Sara Lee Frozen Bakery opened a 10,000-square-foot R&D innovation center and test kitchen at its Oakbrook Terrace, Ill., headquarters location. The newly constructed Kitchens of Sara Lee facility will focus on the innovation and expansion of new flavors and product lines.

“The Kitchens of Sara Lee is a milestone in our journey to becoming the world’s most beloved bakery,” says Craig Bahner, chief executive officer. “This new collaborative space brings our culinary experts together with our sales and marketing team to accelerate our product innovation, anticipate new trends and create many more irresistible foods for our customers for years to come.”  

For the first time in more than 10 years, the marketing and product development teams will work side-by-side with twice the amount of resources dedicated to Sara Lee Frozen Bakery’s brands.

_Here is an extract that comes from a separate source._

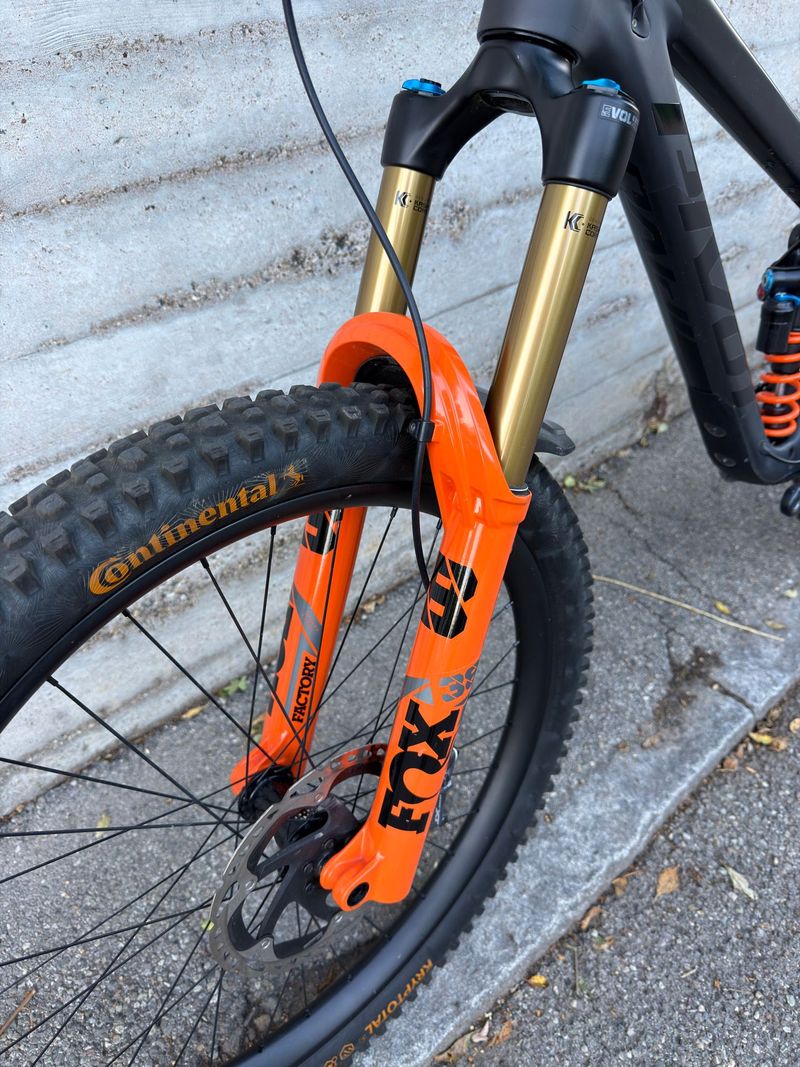 Použité Pivot Mach 6 Shimano Deore XT 2023 Mountainbike — obrázek 5 z 31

The innovation center features a fully equipped test kitchen, lab, storage and presentation space and is custom designed for customer showcase and co-collaboration.

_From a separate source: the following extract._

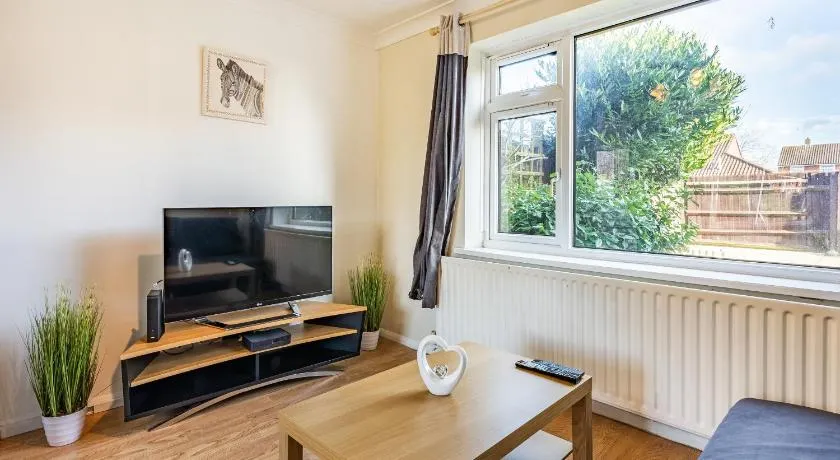 Phoenix House - 4 bedroom home centrally located in Ashford with parking - perfect for work stays or a special getaway! - Image 1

Newly appointed research and development director Judy Lindsey leads a team of product innovators and culinary experts that has doubled in size since Sara Lee Frozen Bakery became an independent company in July 2018.

“Our team has a singular focus on frozen baked goods,” says Lindsey. “We now have an incredible kitchen and lab where we can transform fresh ideas into new products and packaging faster and better than ever before. With a space designed for close collaboration with our customers, we will continue to grow and innovate our company’s premier brands.”

The opening of The Kitchens of Sara Lee marks the end of a 5-month construction project, led by Morgan Harbour Construction, Willowbrook, Ill. EWP Architects, Oak Brook, Ill., redesigned and optimized the space to create a fully equipped kitchen, lab, storage, freezer and collaborative space to replicate, refine and innovate product offerings in the new facility.